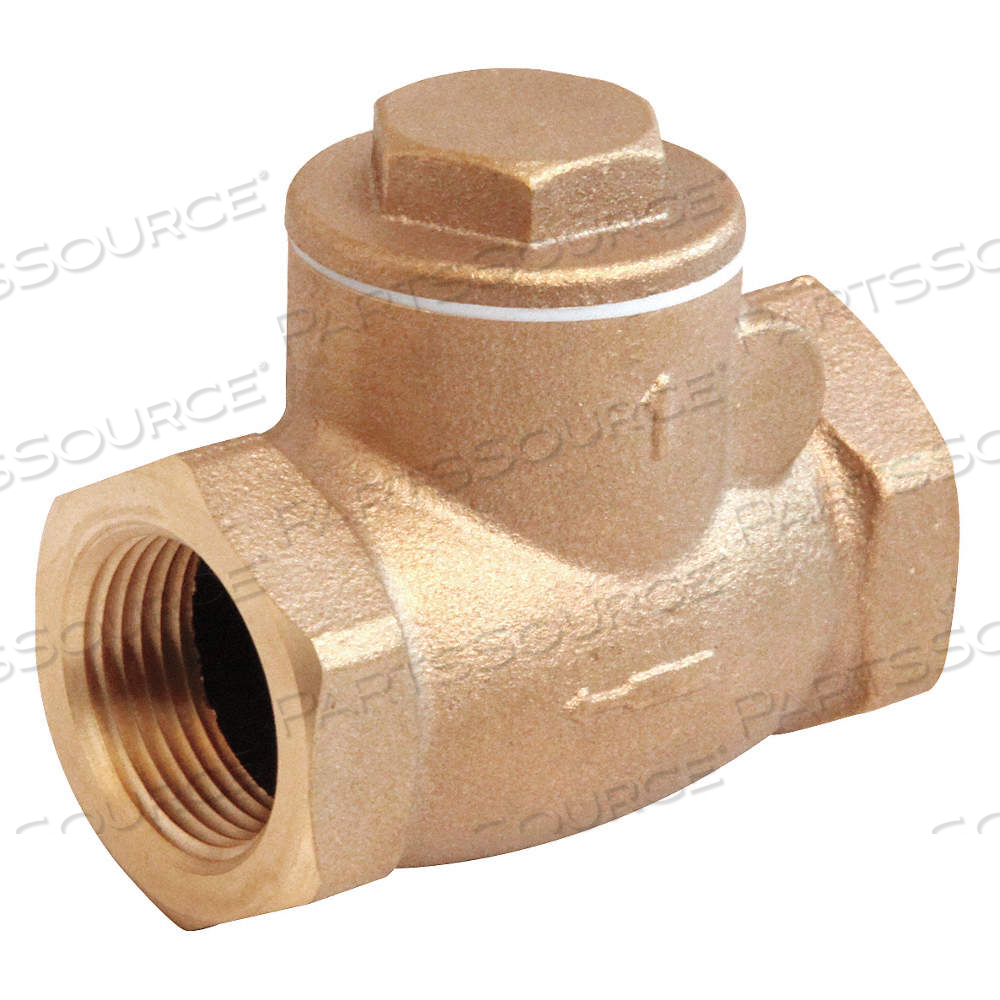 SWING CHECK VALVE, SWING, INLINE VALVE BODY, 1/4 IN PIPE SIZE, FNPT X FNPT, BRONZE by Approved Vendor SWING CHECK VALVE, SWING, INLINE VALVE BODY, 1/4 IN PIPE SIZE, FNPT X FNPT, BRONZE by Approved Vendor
- - -
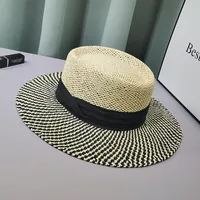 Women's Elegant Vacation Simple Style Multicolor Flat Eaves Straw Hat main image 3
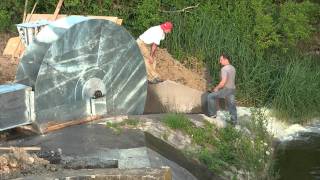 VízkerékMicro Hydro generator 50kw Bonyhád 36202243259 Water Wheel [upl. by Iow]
- - -
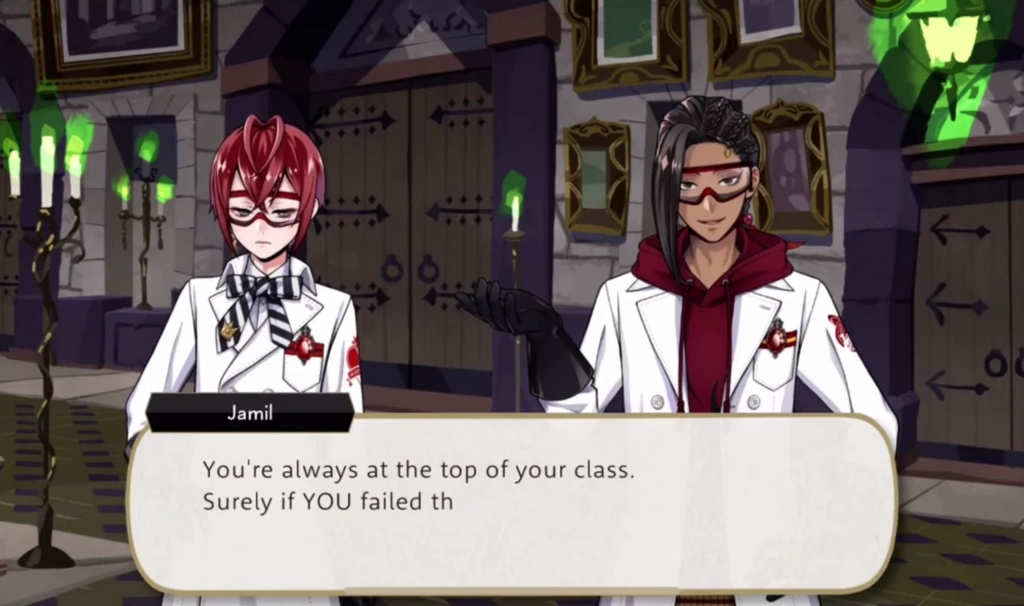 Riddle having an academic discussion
- - -
Exercise goal: Without the pictures, give again exactly the lines above starting at the line containing "Women's Elegant Vacation" and ending at the line containing "VízkerékMicro Hydro generator".

Reply:
 Women's Elegant Vacation Simple Style Multicolor Flat Eaves Straw Hat main image 3
 VízkerékMicro Hydro generator 50kw Bonyhád 36202243259 Water Wheel [upl. by Iow]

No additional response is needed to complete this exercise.